Dataset entries
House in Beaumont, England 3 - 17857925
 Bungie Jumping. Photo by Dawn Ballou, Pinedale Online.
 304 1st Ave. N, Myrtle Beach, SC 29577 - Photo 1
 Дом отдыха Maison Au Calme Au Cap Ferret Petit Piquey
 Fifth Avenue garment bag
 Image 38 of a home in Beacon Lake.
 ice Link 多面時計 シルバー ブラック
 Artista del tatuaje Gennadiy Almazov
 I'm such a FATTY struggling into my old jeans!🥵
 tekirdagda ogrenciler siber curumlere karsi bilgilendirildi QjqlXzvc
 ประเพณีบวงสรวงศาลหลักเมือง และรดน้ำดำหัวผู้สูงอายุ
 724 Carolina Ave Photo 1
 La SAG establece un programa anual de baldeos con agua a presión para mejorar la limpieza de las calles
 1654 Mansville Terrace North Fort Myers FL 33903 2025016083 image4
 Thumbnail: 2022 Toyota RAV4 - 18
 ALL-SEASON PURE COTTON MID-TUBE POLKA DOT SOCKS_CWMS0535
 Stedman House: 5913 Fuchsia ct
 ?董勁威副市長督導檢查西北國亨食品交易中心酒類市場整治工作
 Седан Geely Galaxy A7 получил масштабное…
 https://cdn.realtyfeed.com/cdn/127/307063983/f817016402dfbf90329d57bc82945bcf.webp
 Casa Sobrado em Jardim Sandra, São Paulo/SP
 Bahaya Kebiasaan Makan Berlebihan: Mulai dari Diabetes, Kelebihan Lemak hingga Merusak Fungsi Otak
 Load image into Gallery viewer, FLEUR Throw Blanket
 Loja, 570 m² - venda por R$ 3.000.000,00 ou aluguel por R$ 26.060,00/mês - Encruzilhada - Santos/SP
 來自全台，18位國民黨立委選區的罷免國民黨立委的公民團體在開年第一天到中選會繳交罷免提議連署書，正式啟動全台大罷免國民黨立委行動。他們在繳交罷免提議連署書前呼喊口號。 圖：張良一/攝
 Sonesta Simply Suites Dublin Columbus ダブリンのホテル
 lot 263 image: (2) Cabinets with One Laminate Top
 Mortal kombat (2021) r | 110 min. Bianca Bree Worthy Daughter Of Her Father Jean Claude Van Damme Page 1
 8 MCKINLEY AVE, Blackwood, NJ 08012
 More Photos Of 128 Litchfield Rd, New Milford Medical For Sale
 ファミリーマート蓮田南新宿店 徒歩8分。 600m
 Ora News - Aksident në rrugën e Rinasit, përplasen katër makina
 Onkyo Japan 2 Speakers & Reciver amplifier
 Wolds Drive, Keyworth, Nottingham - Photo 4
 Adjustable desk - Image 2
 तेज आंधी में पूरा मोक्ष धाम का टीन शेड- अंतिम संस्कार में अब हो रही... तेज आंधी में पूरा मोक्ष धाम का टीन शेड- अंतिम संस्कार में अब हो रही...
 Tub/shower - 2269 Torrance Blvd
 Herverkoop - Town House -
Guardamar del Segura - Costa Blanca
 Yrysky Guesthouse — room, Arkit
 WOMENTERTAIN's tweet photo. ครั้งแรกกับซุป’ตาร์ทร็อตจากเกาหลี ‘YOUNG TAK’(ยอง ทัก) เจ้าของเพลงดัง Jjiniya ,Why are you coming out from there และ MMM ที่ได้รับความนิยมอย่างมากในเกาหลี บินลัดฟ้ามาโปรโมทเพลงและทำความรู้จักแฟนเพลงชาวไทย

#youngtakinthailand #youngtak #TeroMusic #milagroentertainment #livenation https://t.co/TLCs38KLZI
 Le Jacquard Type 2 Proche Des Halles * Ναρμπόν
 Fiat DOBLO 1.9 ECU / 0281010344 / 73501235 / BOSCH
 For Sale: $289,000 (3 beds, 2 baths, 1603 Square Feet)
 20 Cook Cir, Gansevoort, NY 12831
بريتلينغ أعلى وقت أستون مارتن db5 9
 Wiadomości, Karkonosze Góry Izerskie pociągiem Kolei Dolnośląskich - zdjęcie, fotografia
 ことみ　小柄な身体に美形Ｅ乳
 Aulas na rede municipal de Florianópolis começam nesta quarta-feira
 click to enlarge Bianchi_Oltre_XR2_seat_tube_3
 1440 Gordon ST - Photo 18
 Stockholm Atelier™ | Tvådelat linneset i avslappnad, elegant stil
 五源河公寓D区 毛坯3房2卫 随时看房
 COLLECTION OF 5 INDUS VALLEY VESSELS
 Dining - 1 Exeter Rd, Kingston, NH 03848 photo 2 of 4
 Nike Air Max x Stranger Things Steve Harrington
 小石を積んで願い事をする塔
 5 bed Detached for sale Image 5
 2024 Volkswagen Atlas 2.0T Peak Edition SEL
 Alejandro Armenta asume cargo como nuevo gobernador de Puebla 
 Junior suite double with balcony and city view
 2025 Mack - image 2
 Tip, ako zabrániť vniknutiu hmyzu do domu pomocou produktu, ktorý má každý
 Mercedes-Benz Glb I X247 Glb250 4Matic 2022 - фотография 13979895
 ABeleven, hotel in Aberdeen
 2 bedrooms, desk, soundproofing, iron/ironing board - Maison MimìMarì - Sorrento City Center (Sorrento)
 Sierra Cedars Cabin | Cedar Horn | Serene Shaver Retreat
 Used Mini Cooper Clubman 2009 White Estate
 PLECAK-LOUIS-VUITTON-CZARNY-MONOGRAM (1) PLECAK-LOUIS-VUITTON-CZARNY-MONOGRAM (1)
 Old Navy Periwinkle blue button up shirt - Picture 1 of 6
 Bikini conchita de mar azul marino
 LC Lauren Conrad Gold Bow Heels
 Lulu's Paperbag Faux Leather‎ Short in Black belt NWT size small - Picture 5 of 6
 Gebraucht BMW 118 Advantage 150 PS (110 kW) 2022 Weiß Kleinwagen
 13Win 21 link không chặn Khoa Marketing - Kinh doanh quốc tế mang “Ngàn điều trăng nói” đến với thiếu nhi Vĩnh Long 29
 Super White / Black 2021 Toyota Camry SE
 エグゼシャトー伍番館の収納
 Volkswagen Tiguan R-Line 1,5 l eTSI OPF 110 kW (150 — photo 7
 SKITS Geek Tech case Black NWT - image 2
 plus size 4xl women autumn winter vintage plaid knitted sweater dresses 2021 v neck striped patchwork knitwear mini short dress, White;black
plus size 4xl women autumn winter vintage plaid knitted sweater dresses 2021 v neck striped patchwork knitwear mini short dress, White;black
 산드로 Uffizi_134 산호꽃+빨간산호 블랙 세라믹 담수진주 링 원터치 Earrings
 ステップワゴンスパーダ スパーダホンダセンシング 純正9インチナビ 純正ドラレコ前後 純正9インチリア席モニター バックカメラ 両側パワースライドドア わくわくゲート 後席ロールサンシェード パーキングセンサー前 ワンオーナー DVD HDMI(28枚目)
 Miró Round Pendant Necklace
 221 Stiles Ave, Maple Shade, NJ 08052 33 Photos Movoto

**Exercise description:**
When you repeat the data, keep each line exactly as given.

**Written answer:**
House in Beaumont, England 3 - 17857925
 Bungie Jumping. Photo by Dawn Ballou, Pinedale Online.
 304 1st Ave. N, Myrtle Beach, SC 29577 - Photo 1
 Дом отдыха Maison Au Calme Au Cap Ferret Petit Piquey
 Fifth Avenue garment bag
 Image 38 of a home in Beacon Lake.
 ice Link 多面時計 シルバー ブラック
 Artista del tatuaje Gennadiy Almazov
 I'm such a FATTY struggling into my old jeans!🥵
 tekirdagda ogrenciler siber curumlere karsi bilgilendirildi QjqlXzvc
 ประเพณีบวงสรวงศาลหลักเมือง และรดน้ำดำหัวผู้สูงอายุ
 724 Carolina Ave Photo 1
 La SAG establece un programa anual de baldeos con agua a presión para mejorar la limpieza de las calles
 1654 Mansville Terrace North Fort Myers FL 33903 2025016083 image4
 Thumbnail: 2022 Toyota RAV4 - 18
 ALL-SEASON PURE COTTON MID-TUBE POLKA DOT SOCKS_CWMS0535
 Stedman House: 5913 Fuchsia ct
 ?董勁威副市長督導檢查西北國亨食品交易中心酒類市場整治工作
 Седан Geely Galaxy A7 получил масштабное…
 https://cdn.realtyfeed.com/cdn/127/307063983/f817016402dfbf90329d57bc82945bcf.webp
 Casa Sobrado em Jardim Sandra, São Paulo/SP
 Bahaya Kebiasaan Makan Berlebihan: Mulai dari Diabetes, Kelebihan Lemak hingga Merusak Fungsi Otak
 Load image into Gallery viewer, FLEUR Throw Blanket
 Loja, 570 m² - venda por R$ 3.000.000,00 ou aluguel por R$ 26.060,00/mês - Encruzilhada - Santos/SP
 來自全台，18位國民黨立委選區的罷免國民黨立委的公民團體在開年第一天到中選會繳交罷免提議連署書，正式啟動全台大罷免國民黨立委行動。他們在繳交罷免提議連署書前呼喊口號。 圖：張良一/攝
 Sonesta Simply Suites Dublin Columbus ダブリンのホテル
 lot 263 image: (2) Cabinets with One Laminate Top
 Mortal kombat (2021) r | 110 min. Bianca Bree Worthy Daughter Of Her Father Jean Claude Van Damme Page 1
 8 MCKINLEY AVE, Blackwood, NJ 08012
 More Photos Of 128 Litchfield Rd, New Milford Medical For Sale
 ファミリーマート蓮田南新宿店 徒歩8分。 600m
 Ora News - Aksident në rrugën e Rinasit, përplasen katër makina
 Onkyo Japan 2 Speakers & Reciver amplifier
 Wolds Drive, Keyworth, Nottingham - Photo 4
 Adjustable desk - Image 2
 तेज आंधी में पूरा मोक्ष धाम का टीन शेड- अंतिम संस्कार में अब हो रही... तेज आंधी में पूरा मोक्ष धाम का टीन शेड- अंतिम संस्कार में अब हो रही...
 Tub/shower - 2269 Torrance Blvd
 Herverkoop - Town House -
Guardamar del Segura - Costa Blanca
 Yrysky Guesthouse — room, Arkit
 WOMENTERTAIN's tweet photo. ครั้งแรกกับซุป’ตาร์ทร็อตจากเกาหลี ‘YOUNG TAK’(ยอง ทัก) เจ้าของเพลงดัง Jjiniya ,Why are you coming out from there และ MMM ที่ได้รับความนิยมอย่างมากในเกาหลี บินลัดฟ้ามาโปรโมทเพลงและทำความรู้จักแฟนเพลงชาวไทย

#youngtakinthailand #youngtak #TeroMusic #milagroentertainment #livenation https://t.co/TLCs38KLZI
 Le Jacquard Type 2 Proche Des Halles * Ναρμπόν
 Fiat DOBLO 1.9 ECU / 0281010344 / 73501235 / BOSCH
 For Sale: $289,000 (3 beds, 2 baths, 1603 Square Feet)
 20 Cook Cir, Gansevoort, NY 12831
بريتلينغ أعلى وقت أستون مارتن db5 9
 Wiadomości, Karkonosze Góry Izerskie pociągiem Kolei Dolnośląskich - zdjęcie, fotografia
 ことみ　小柄な身体に美形Ｅ乳
 Aulas na rede municipal de Florianópolis começam nesta quarta-feira
 click to enlarge Bianchi_Oltre_XR2_seat_tube_3
 1440 Gordon ST - Photo 18
 Stockholm Atelier™ | Tvådelat linneset i avslappnad, elegant stil
 五源河公寓D区 毛坯3房2卫 随时看房
 COLLECTION OF 5 INDUS VALLEY VESSELS
 Dining - 1 Exeter Rd, Kingston, NH 03848 photo 2 of 4
 Nike Air Max x Stranger Things Steve Harrington
 小石を積んで願い事をする塔
 5 bed Detached for sale Image 5
 2024 Volkswagen Atlas 2.0T Peak Edition SEL
 Alejandro Armenta asume cargo como nuevo gobernador de Puebla 
 Junior suite double with balcony and city view
 2025 Mack - image 2
 Tip, ako zabrániť vniknutiu hmyzu do domu pomocou produktu, ktorý má každý
 Mercedes-Benz Glb I X247 Glb250 4Matic 2022 - фотография 13979895
 ABeleven, hotel in Aberdeen
 2 bedrooms, desk, soundproofing, iron/ironing board - Maison MimìMarì - Sorrento City Center (Sorrento)
 Sierra Cedars Cabin | Cedar Horn | Serene Shaver Retreat
 Used Mini Cooper Clubman 2009 White Estate
 PLECAK-LOUIS-VUITTON-CZARNY-MONOGRAM (1) PLECAK-LOUIS-VUITTON-CZARNY-MONOGRAM (1)
 Old Navy Periwinkle blue button up shirt - Picture 1 of 6
 Bikini conchita de mar azul marino
 LC Lauren Conrad Gold Bow Heels
 Lulu's Paperbag Faux Leather‎ Short in Black belt NWT size small - Picture 5 of 6
 Gebraucht BMW 118 Advantage 150 PS (110 kW) 2022 Weiß Kleinwagen
 13Win 21 link không chặn Khoa Marketing - Kinh doanh quốc tế mang “Ngàn điều trăng nói” đến với thiếu nhi Vĩnh Long 29
 Super White / Black 2021 Toyota Camry SE
 エグゼシャトー伍番館の収納
 Volkswagen Tiguan R-Line 1,5 l eTSI OPF 110 kW (150 — photo 7
 SKITS Geek Tech case Black NWT - image 2
 plus size 4xl women autumn winter vintage plaid knitted sweater dresses 2021 v neck striped patchwork knitwear mini short dress, White;black
plus size 4xl women autumn winter vintage plaid knitted sweater dresses 2021 v neck striped patchwork knitwear mini short dress, White;black
 산드로 Uffizi_134 산호꽃+빨간산호 블랙 세라믹 담수진주 링 원터치 Earrings
 ステップワゴンスパーダ スパーダホンダセンシング 純正9インチナビ 純正ドラレコ前後 純正9インチリア席モニター バックカメラ 両側パワースライドドア わくわくゲート 後席ロールサンシェード パーキングセンサー前 ワンオーナー DVD HDMI(28枚目)
 Miró Round Pendant Necklace
 221 Stiles Ave, Maple Shade, NJ 08052 33 Photos Movoto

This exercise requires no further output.